BOOK REVIEWS

Lau Chung-ming et Jianfa Shen éds., China Review 2000

by  Leïla Choukroune /

D’ocre et de pourpre vêtus, 100 000 civils et militaires défilent à la gloire du régime communiste, 50 coups de canons résonnent sur la place Tiananmen, la République populaire de Chine célèbre avec éclat son demi-siècle d’existence. C’est sur cette image presque surannée que s’ouvre l’édition 2000 de China Review.

Le six premières contributions ne concernent pourtant pas la politique intérieure de la Chine mais sa politique étrangère.

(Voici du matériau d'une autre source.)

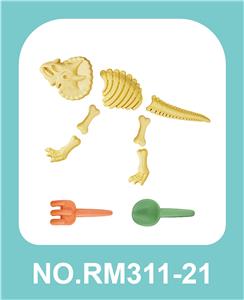 麦料沙滩系列 - OBL842516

S’il fallait en effet ne retenir qu’une seule chose de l’année 2000, c’est bien l’interaction constante entre la politique étrangère et la politique intérieure chinoises. Le point d’orgue de ce phénomène rarement observé depuis le lancement des réformes fut sans doute la signature, le 15 novembre 1999, de l’accord commercial bilatéral sino-américain qui levait l’un des principaux obstacles à l’accession de la Chine à l’Organisation mondiale du commerce (OMC). Qui aurait pu prévoir ce revirement salutaire des relations entre Pékin et Washington six mois auparavant alors que les avions de l’OTAN bombardaient par erreur l’ambassade de Chine à Belgrade et que le Rapport Cox dévoilait la réalité des activités d’espionnage chinoises aux Etats-Unis (Wu Guoguang, pp. 27-59 et Peter Van Ness, pp. 61-75). Prisonnière d’une conception statocentrique des relations internationales dans laquelle la souveraineté de l’Etat est élevée au rang d’impératif absolu, la Chine ne pouvait offrir au monde que l’image d’un régime nationaliste, xénophobe et menaçant comme en témoignent encore de nombreux aspects de ses relations avec Taiwan (Jean-Pierre Cabestan, pp. 106-134 et Hu Weixing, pp. 135-156) ou de sa stratégie de puissance sur le théâtre asiatique (voir Quansheng Zhao sur la place du triangle Pékin-Washington-Tokyo, pp. 77-103). L’excellente série d’articles consacrés à la diplomatie chinoise constitue sans nul doute la force majeure de China Review 2000.

Certainement plus hétérogènes et quelque peu répétitives, les contributions relatives aux problèmes économiques restent néanmoins de très bonne qualité. La place accordée à l’accession de la Chine à l’OMC est bien évidemment très importante tout comme celle qui est réservée à l’étude des investissements directs étrangers tant du point de vue institutionnel (Lu Yuan et Terence Tsai, pp. 223-248 et Huang Yasheng, pp. 249-284) que du point de vue de leur répartition dans l’espace chinois (François Gipouloux, pp. 285-305).

On ne peut par ailleurs que saluer le choix de publier un certain nombre d’articles sur le monde rural, l’urbanisation, la réforme du logement ou l’éducation tant ces sujets de sociétés essentiels sont trop souvent délaissés.

Peut-être un peu trop dense pour ne pas laisser une certaine impression de confusion, la chronologie n’en demeure pas moins un outil de travail intéressant à l’image de l’ensemble de cette « revue » unique en son genre.

De manière étrange et assez incompréhensible, aucun article n’aborde les questions politiques intérieures chinoises. La réforme de la Constitution, la promulgation d’une série de lois sur les contrats, la monté des dissensions au sein de la direction du Parti communiste, les campagnes de lutte contre la contrebande, le dixième anniversaire du massacre de Tiananmen ou la répression des adeptes du Falungong, tous ces sujets ont été mis de côté, traités comme des non-évènements.

S’il est exact que China Review 2000 était confrontée à une défi de taille puisqu’il s’agissait de mettre en perspective les principaux événements d’une actualité très riche, rien ne permet de justifier l’absence d’analyse politique. Il y a en effet des silences qui en disent long sur la tentation de cautionner une séparation illusoire du politique et de l’économique. 1949, 1989, 1999, 50 ans et 50 millions de morts. Les « actes criminels menaçant la sécurité de l’Etat » ont remplacé « les activités contre-révolutionnaires », mais le régime communiste reste incapable de proposer une alternative politique susceptible de répondre aux aspirations de la population chinoise.

La cuvée 2000 de China Review ne peut donc que laisser un goût amer, celui d’une Chine de l’arbitraire que certains se refusent de voir.